Wednesday, September 13, 2006

 

Marine Iguana Pile-Up

There aren't just a lot of unusual animals in the Galapagos and an amazing variety of them; they also appear in startling numbers. Vast stretches of sand will be covered by the torpedo shapes of sleeping sea lions. The low, scrubby palo santo forests can contain more boobies and albatrosses than trees. Whole rock faces are colonized by marine iguanas, their black hides distinguished from the lava only by the squiggling grey line of the ridge that runs down their backs.

(Play find the iguana!)

This is an anecdote about a small huddle of marine iguanas on EspaƱola Island (aka Hood Island, if you happen to know the older English names). Here they are, dozing happily. Although the sunlight is intense in the Galapagos, which straddle the equator, it is not particularly warm. Marine iguanas are cold-blooded creatures that feed almost exclusively on sea algae, and spending so much time in the cool water means they have to spend that much more time warming up again. This is probably one reason they end up resting in groups; each of them is looking for an optimally warm spot with good sunshine, and there are only so many of those spots to be found.

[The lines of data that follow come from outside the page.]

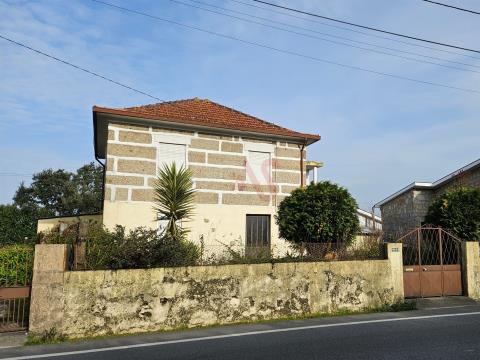 Villa de 2 dormitorios en Rebordões, Santo Tirso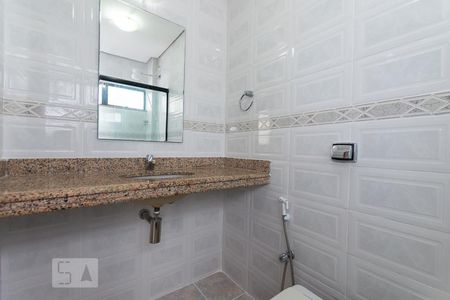 Apartamento à venda com 162m², 3 quartos e 2 vagas Apartamento à venda com 162m², 3 quartos e 2 vagasBanheiro da Suíte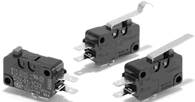 Omron D3V-165-1C5 Mikroprzełącznik 250 V/AC 16 A 1 x wł/(wł) 1 szt. torba - obrazek 1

Sea lions, however, choose their company before their location and seem to have more clearly social goals in mind when they group.

Unfortunately I had run out of shots on my camera when one young female sea lion (about the size of those here) decided that she would bridge the gap and try socializing sea lion-style with marine iguanas.

She heaved her body along the sand, coming at what is a full gallop for a sea lion. It is an awkward, side-to-side motion that you can easily demonstrate for yourself by dropping onto your stomach, leaving your legs inert, and propelling yourself forward one arm-thrust at a time. It can move a sea lion surprisingly fast on land, although graceful it is not.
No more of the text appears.